Leaving out every picture, quote the data below exactly as it appears.

══════

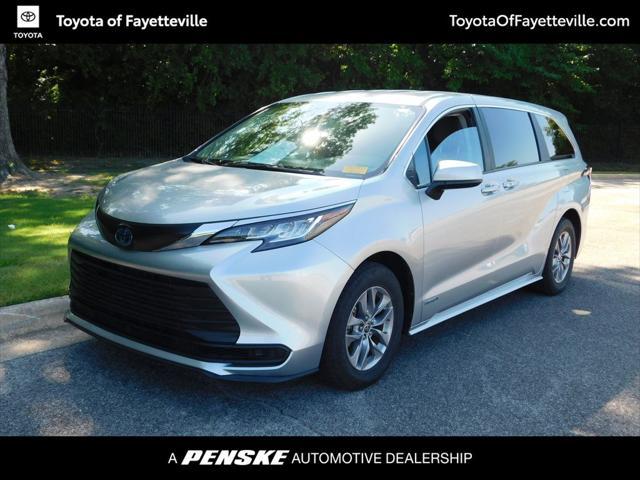 used 2021 Toyota Sienna car, priced at $29,959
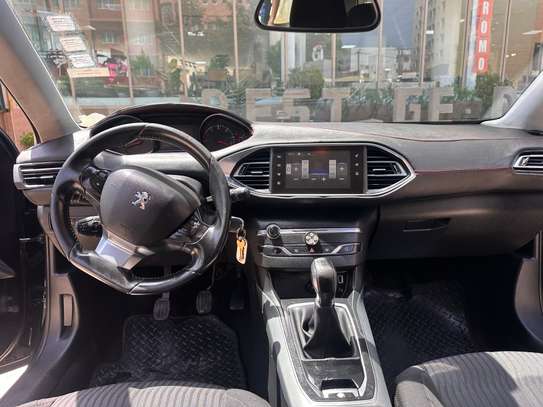 PEUGEOT 308 année 2016 image 4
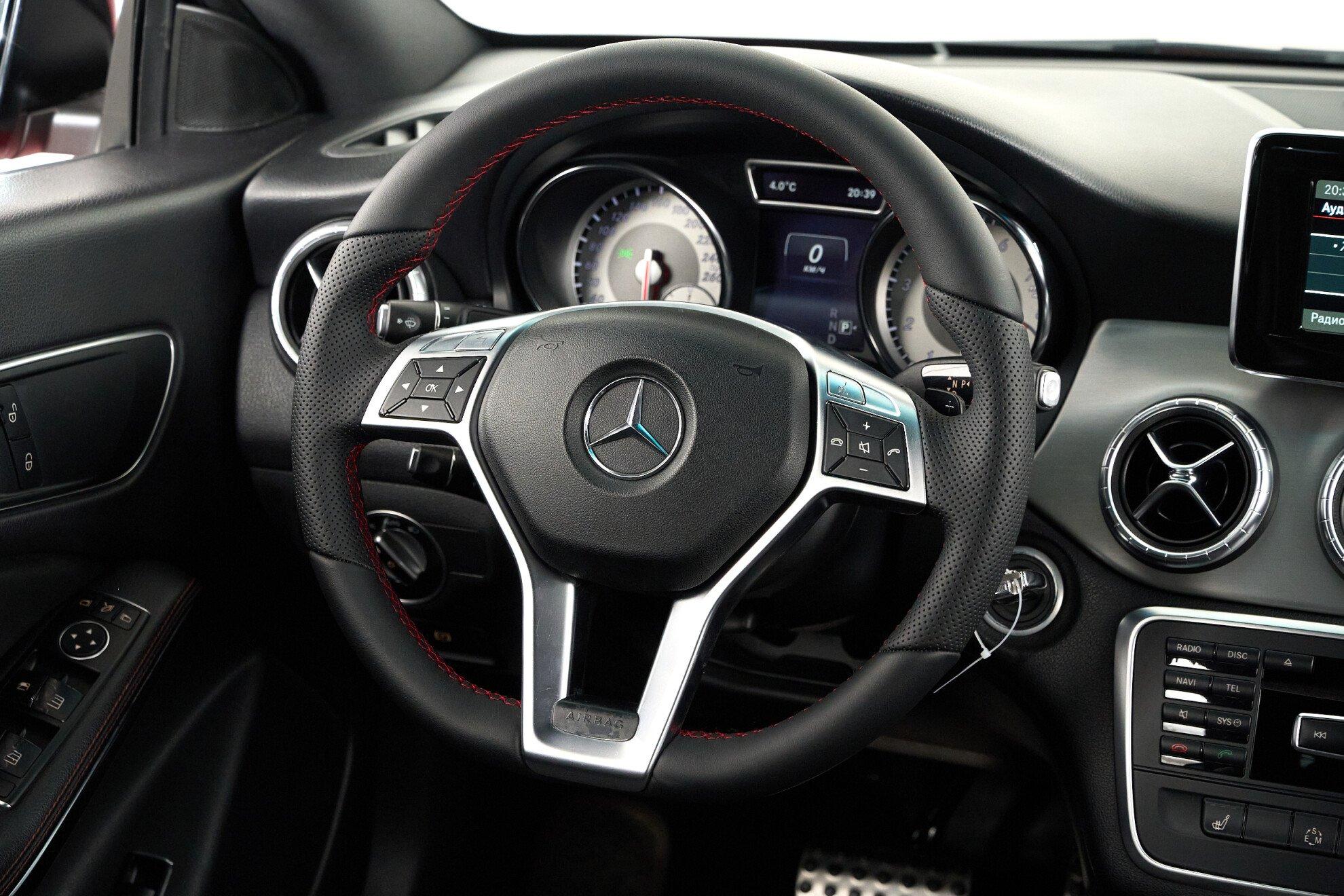 Mercedes-Benz CLA 2014, красный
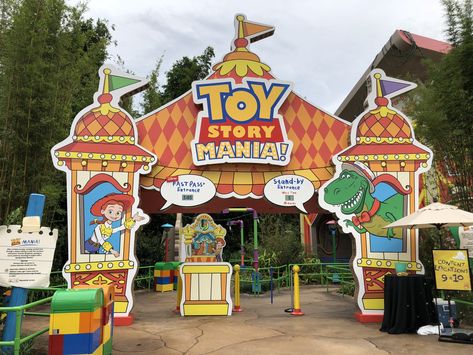 A Sneak Peek at Disney’s New Toy Story Land Toy Story Land, Disney World Rides, Toy Story Theme, Disney Rides, Disney World Parks, Hollywood Studios Disney, Disney Food Blog, The Resistance, Hollywood Studios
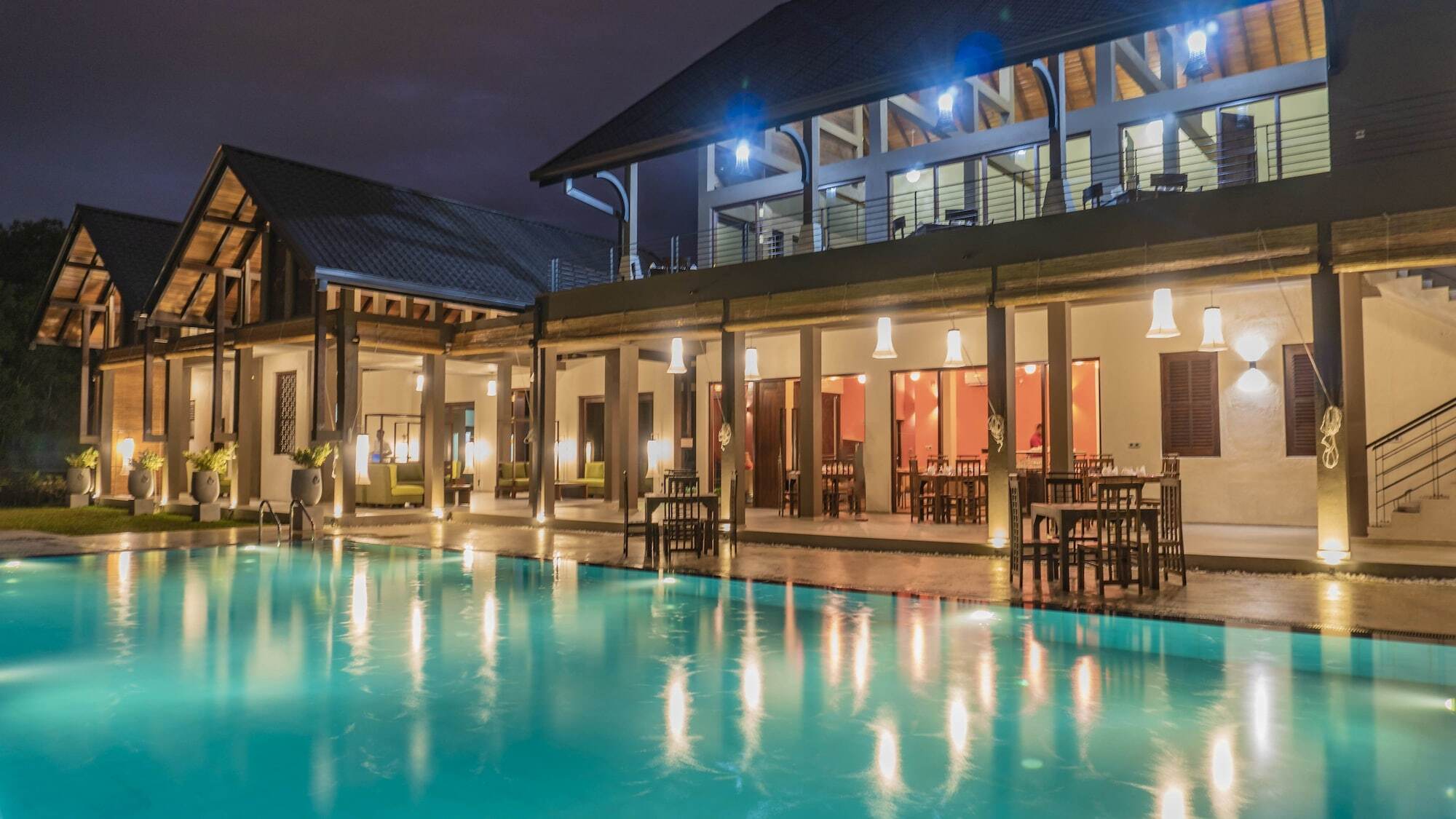 Amora Lagoon Hotel Katunayaka Ngoại thất bức ảnh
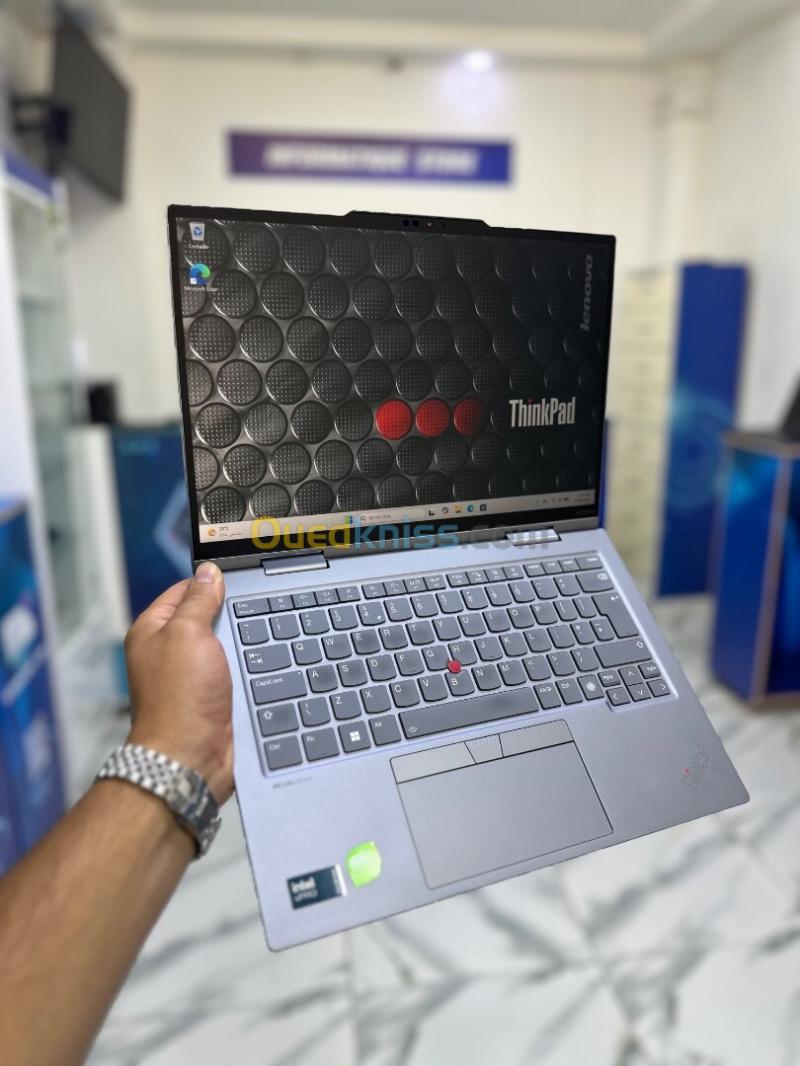 THINKPAD X1 YOGA X360 CORE : ULTRA 7 165U DISC :  512 GB  (SSD)  RAM : 32 GB DDR5 2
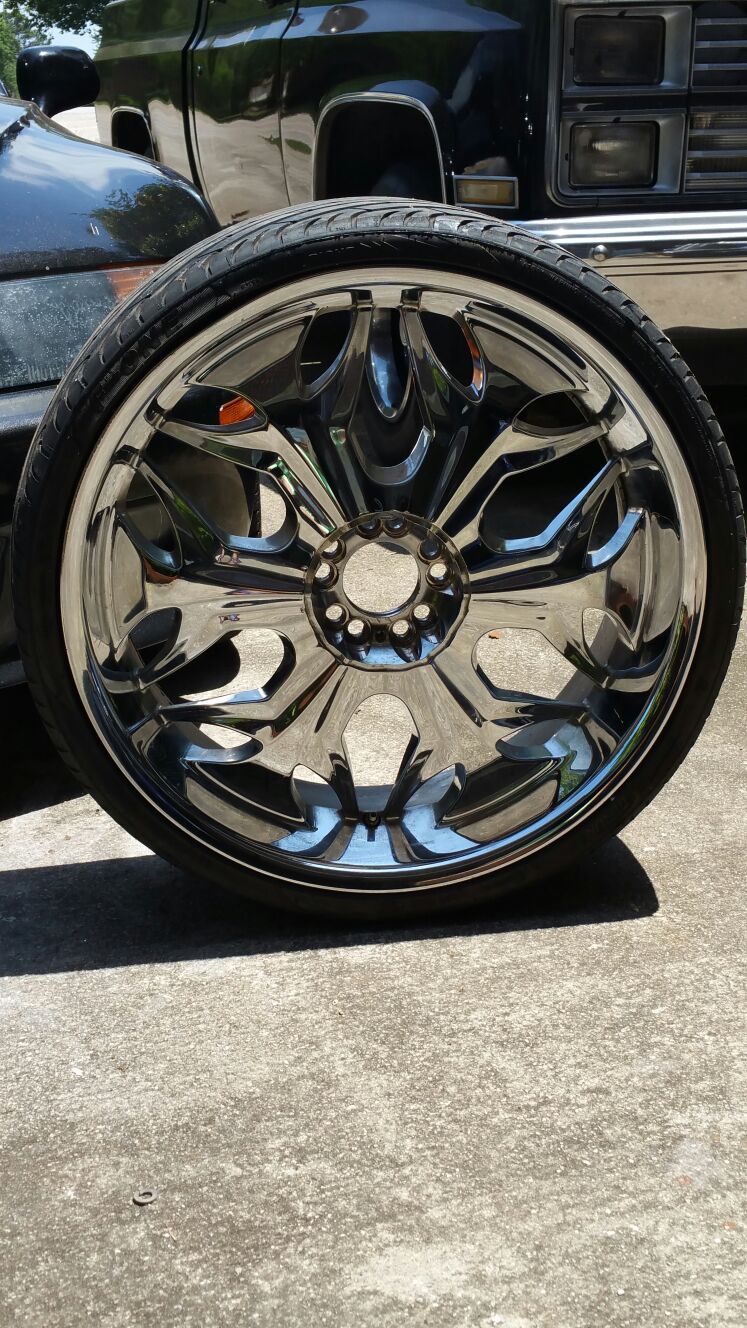 (1) Chrome Akuza Reaper 22 Inch Wheel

══════

Output of the exercise:
 used 2021 Toyota Sienna car, priced at $29,959
 PEUGEOT 308 année 2016 image 4
 Mercedes-Benz CLA 2014, красный
 A Sneak Peek at Disney’s New Toy Story Land Toy Story Land, Disney World Rides, Toy Story Theme, Disney Rides, Disney World Parks, Hollywood Studios Disney, Disney Food Blog, The Resistance, Hollywood Studios
 Amora Lagoon Hotel Katunayaka Ngoại thất bức ảnh
 THINKPAD X1 YOGA X360 CORE : ULTRA 7 165U DISC :  512 GB  (SSD)  RAM : 32 GB DDR5 2
 (1) Chrome Akuza Reaper 22 Inch Wheel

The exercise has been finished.